## YOUR TASK
For each record that follows, write out an identical copy.

## INPUT RECORDS
____________________

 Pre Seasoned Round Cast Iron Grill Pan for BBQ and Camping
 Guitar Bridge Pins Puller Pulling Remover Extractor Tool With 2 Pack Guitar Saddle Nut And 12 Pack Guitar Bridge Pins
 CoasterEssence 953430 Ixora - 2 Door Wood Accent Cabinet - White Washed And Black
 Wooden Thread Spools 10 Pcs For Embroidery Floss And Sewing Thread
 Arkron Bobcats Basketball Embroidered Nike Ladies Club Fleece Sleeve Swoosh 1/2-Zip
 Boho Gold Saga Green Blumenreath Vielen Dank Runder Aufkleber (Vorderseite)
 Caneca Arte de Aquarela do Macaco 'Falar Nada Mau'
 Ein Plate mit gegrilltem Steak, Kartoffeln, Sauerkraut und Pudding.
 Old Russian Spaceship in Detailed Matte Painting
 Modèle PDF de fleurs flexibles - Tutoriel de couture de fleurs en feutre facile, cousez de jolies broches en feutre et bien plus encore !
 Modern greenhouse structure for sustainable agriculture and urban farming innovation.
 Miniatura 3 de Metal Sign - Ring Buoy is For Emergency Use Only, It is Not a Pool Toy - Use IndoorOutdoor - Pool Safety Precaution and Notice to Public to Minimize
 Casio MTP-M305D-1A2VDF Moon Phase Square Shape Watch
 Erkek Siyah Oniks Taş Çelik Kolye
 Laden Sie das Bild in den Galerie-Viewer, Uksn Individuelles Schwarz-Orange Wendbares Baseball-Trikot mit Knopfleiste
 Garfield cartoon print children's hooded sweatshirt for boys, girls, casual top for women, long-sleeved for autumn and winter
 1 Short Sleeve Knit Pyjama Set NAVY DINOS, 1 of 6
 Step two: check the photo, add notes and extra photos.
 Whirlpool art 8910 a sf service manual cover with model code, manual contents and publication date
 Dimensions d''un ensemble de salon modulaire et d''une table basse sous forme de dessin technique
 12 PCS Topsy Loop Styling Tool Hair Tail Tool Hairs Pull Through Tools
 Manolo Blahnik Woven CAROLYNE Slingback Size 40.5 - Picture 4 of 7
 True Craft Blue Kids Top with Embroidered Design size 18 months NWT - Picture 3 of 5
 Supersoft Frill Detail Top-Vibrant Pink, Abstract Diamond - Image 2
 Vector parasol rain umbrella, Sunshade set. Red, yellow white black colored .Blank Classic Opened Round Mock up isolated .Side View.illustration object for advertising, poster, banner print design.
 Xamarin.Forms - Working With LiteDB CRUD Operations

____________________

## ANSWER TO THIS TASK
 Pre Seasoned Round Cast Iron Grill Pan for BBQ and Camping
 Guitar Bridge Pins Puller Pulling Remover Extractor Tool With 2 Pack Guitar Saddle Nut And 12 Pack Guitar Bridge Pins
 CoasterEssence 953430 Ixora - 2 Door Wood Accent Cabinet - White Washed And Black
 Wooden Thread Spools 10 Pcs For Embroidery Floss And Sewing Thread
 Arkron Bobcats Basketball Embroidered Nike Ladies Club Fleece Sleeve Swoosh 1/2-Zip
 Boho Gold Saga Green Blumenreath Vielen Dank Runder Aufkleber (Vorderseite)
 Caneca Arte de Aquarela do Macaco 'Falar Nada Mau'
 Ein Plate mit gegrilltem Steak, Kartoffeln, Sauerkraut und Pudding.
 Old Russian Spaceship in Detailed Matte Painting
 Modèle PDF de fleurs flexibles - Tutoriel de couture de fleurs en feutre facile, cousez de jolies broches en feutre et bien plus encore !
 Modern greenhouse structure for sustainable agriculture and urban farming innovation.
 Miniatura 3 de Metal Sign - Ring Buoy is For Emergency Use Only, It is Not a Pool Toy - Use IndoorOutdoor - Pool Safety Precaution and Notice to Public to Minimize
 Casio MTP-M305D-1A2VDF Moon Phase Square Shape Watch
 Erkek Siyah Oniks Taş Çelik Kolye
 Laden Sie das Bild in den Galerie-Viewer, Uksn Individuelles Schwarz-Orange Wendbares Baseball-Trikot mit Knopfleiste
 Garfield cartoon print children's hooded sweatshirt for boys, girls, casual top for women, long-sleeved for autumn and winter
 1 Short Sleeve Knit Pyjama Set NAVY DINOS, 1 of 6
 Step two: check the photo, add notes and extra photos.
 Whirlpool art 8910 a sf service manual cover with model code, manual contents and publication date
 Dimensions d''un ensemble de salon modulaire et d''une table basse sous forme de dessin technique
 12 PCS Topsy Loop Styling Tool Hair Tail Tool Hairs Pull Through Tools
 Manolo Blahnik Woven CAROLYNE Slingback Size 40.5 - Picture 4 of 7
 True Craft Blue Kids Top with Embroidered Design size 18 months NWT - Picture 3 of 5
 Supersoft Frill Detail Top-Vibrant Pink, Abstract Diamond - Image 2
 Vector parasol rain umbrella, Sunshade set. Red, yellow white black colored .Blank Classic Opened Round Mock up isolated .Side View.illustration object for advertising, poster, banner print design.
 Xamarin.Forms - Working With LiteDB CRUD Operations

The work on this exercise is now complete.